Nelson Mandela
Nelson Mandela intègre le Congrès national africain (ANC) en 1944, afin de lutter contre la domination politique de la minorité blanche et la ségrégation raciale menée par celle-ci. Devenu avocat, il participe à la lutte non violente contre les lois de l’apartheid, qui commencent à être mises en place par le gouvernement du Parti national en 1948. L’ANC est interdit en 1960, et la lutte pacifique ne donnant pas de résultats tangibles, Mandela fonde et dirige la branche militaire de l’ANC, Umkhonto we Sizwe, en 1961, qui mène une campagne de sabotage contre des installations publiques et militaire. Arrêté par le gouvernement sud-africain, avec la collaboration de la CIA, il est condamné lors du procès de Rivonia à la prison et aux travaux forcés à perpétuité. Il devient au cours des années une célébrité bénéficiant d’un soutien international, symbole de la lutte pour l’égalité raciale.
Après vingt-sept années d’emprisonnement dans des conditions souvent très dures, Mandela est relâché le 11 février 1990, et soutient la réconciliation et la négociation avec le gouvernement du président Frederik de Klerk. En 1993, il reçoit conjointement avec ce dernier le prix Nobel de la paix pour leurs actions en faveur de la fin pacifique du régime d’apartheid et pour avoir jeté les bases d’une nouvelle Afrique du Sud démocratique1.
Après une transition difficile où de Klerk et lui évitent une guerre civile entre les partisans de l’apartheid, ceux de l’ANC et ceux de l’Inkhata à dominante zoulou, Nelson Mandela devient le premier président noir d’Afrique du Sud en 1994. Il mène avec succès une politique de réconciliation nationale entre Blancs et Noirs et de lutte contre les inégalités économiques, mais néglige la lutte contre le sida, en pleine expansion en Afrique du Sud. Après un unique mandat, il se retire de la vie politique active mais continue à soutenir publiquement le Congrès national africain tout en condamnant ses dérives.

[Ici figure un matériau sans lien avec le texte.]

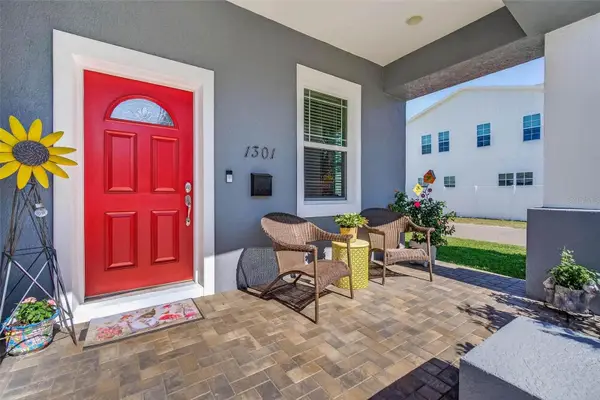 1301 36th Avenue N, ST PETERSBURG, FL 33704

Il continue la lutte contre la pauvreté mais aussi de la lutte contre le sida au travers de plusieurs associations, surtout après la mort de l’un de ses fils suite à cette maladie. Il est une personnalité mondialement écoutée au sujet des droits de l’homme et est salué comme le père d’une Afrique du Sud multiraciale et pleinement démocratique, qualifiée de « nation arc-en-ciel », même si le pays rencontre toujours de graves problèmes d’inégalités économiques, de mixité sociale et de replis communautaires.